Gebruikers toestaan alleen verbinding te maken met specifieke afdrukservers die u vertrouwt
  1. Klik op Ingeschakeld in het dialoogvenster Beperkingen van point-and-print.

  2. Schakel het selectievakje Gebruikers kunnen alleen point-and-print-opdrachten aan deze servers verzenden in als dit nog niet is gebeurd.

  3. Typ in het tekstvak de volledige namen van de servers waarmee gebruikers verbinding moeten kunnen maken. Scheid de namen van elkaar met een puntkomma.

  4. Kies Geen waarschuwing of vraag om bevoegdheden weergeven in het vak Wanneer u stuurprogramma's voor een nieuwe verbinding installeert.

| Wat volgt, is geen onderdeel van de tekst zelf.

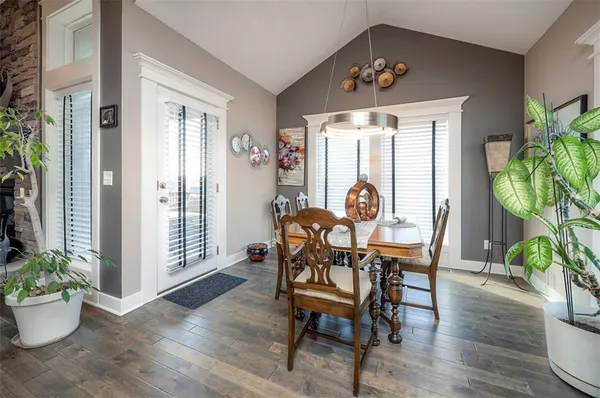 $649,950 | 2713 West Concord Drive, Olathe, KS 66061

  5. Kies Alleen waarschuwing weergeven in het vak Wanneer u stuurprogramma's voor een bestaande verbinding bijwerkt.

  6. Klik op OK.

    Opmerking

    Als u het weergeven van waarschuwingsberichten voor stuurprogramma-installaties en het vragen om benodigde bevoegdheden wilt uitschakelen op computers met Windows 7 of Windows Server 2008 R2, klik u op Uitgeschakeld in het dialoogvenster Beperkingen van point-and-print en klikt u op OK. Hiermee schakelt u de verbeterde installatiebeveiliging uit voor printerstuurprogramma's van Windows 7 en Windows Server 2008 R2.

Aanvullende overwegingen

  • U moet beheerdersmachtigingen hebben om deze taak uit te voeren.